What they have in common is that they laugh a lot at being alive. White people go often to these places of Grief and fear whereas Native Americans and Tibetans and Nepalis tend to laugh at what happens to them in life instead. I actually like this better.
I remember how miserable White Americans were when I was growing up in the 1950s. There was so much unprocessed grief and sadness from the Great Depression and World War II and everything else.
I felt a lot like suicide would be a better outcome than what my life looked like by the time I was 20. However, by then something else had happened which was Surfing culture, Beatnik Culture and the combination which became known as Hippie culture. I think all these ways of thinking to some degree saved me from suicide and being so miserable that I would have likely died from how I had been raised in the 1950s.
I had to feel like I could make life fun in order to want to continue to be alive. By my middle 20s I had figured out how to be happy in my life so when I got married I knew I never wanted a mortgage or payments on anything bigger than maybe a car or truck. This and owning my own businesses eventually I knew would make my life happy and worth living. So, this is what I did after I got my girlfriend pregnant and then we married so I could raise my son. I was 26 and she was 21. I think she was too young for this to work but I was barely grown up enough for us to be married so when we broke up when I was 29 I became a single father for three years until I met my 2nd wife who was then my age of 32. She had two kids already from her first marriage so this worked okay for about 14 years but ended after my father died in 1994.
NOTE later: By the way life never forced me to have a mortgage or that kind of responsibility ever in my life. By the time I wanted a big fancy house we were able to just pay it outright because I had never indebted myself that way.
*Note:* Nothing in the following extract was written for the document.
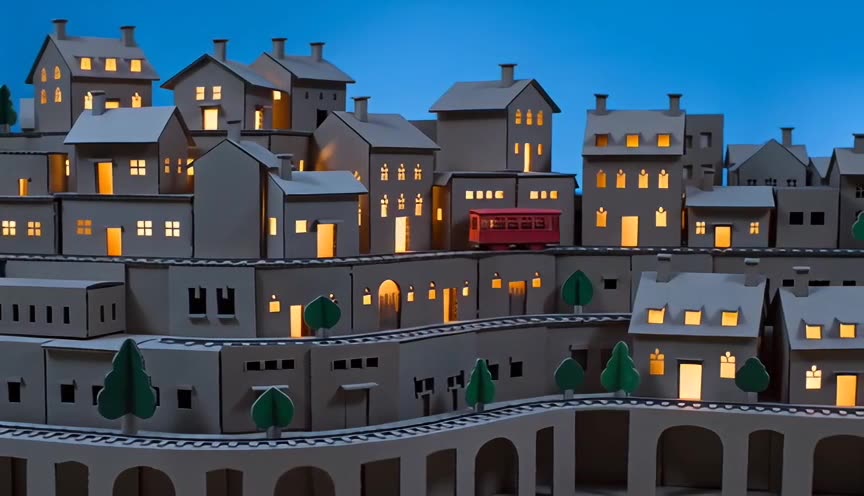 A red paper tram passing cardboard houses as their windows light up at blue hour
I think the Great Recession killed a lot of people's finances when their mortgages went underwater and they had to "Walk Away" from their mortgages and likely declare bankruptcy instead and the banks all ripped off their houses and fortunes.
So, because of this and many other things my life was less stressful than many other people who bought into the whole mortgage thing. The other thing I did was to buy 2 1/2 acres of land without lines of power going to it in 1980 for around 8000 dollars which doesn't seem like a lot but then was worth much more then and then I built my own house that we lived in from 1980 to 1985 and then finally sold the land in 1990 I believe. But, living rent free on 2 1/2 acres of the most beautiful land I had ever seen with a full view of MT. Shasta made me want to stay alive and home school my kids from 1980 to 1985 which we did until the oldest was 12 and then we moved back to the San Francisco Bay area and bought another business.